◆ **Exercise aim**
Retype the line containing "Honda CB750 2023-2024" and each later line through the end of the listing, exactly as written, with no other lines.

◆ **Data in this exercise**

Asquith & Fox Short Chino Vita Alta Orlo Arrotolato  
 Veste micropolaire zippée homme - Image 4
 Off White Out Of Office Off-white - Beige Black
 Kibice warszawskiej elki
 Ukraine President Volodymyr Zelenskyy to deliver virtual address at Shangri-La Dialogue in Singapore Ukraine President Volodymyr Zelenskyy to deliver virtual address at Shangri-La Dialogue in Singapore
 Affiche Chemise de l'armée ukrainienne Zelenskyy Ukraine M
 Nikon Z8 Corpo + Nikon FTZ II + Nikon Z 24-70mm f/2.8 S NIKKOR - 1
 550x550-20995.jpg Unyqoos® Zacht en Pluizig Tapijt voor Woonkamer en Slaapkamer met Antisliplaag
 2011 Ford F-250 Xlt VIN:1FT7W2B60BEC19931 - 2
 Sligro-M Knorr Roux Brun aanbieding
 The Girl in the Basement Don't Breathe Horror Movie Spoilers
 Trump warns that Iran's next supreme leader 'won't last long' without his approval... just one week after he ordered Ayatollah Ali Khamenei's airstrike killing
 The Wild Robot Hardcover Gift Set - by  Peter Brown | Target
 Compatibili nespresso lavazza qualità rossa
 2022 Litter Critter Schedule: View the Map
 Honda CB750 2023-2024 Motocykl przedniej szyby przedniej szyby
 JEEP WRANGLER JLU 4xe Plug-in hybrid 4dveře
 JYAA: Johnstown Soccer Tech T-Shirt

◆ **Answer box**
 Honda CB750 2023-2024 Motocykl przedniej szyby przedniej szyby
 JEEP WRANGLER JLU 4xe Plug-in hybrid 4dveře
 JYAA: Johnstown Soccer Tech T-Shirt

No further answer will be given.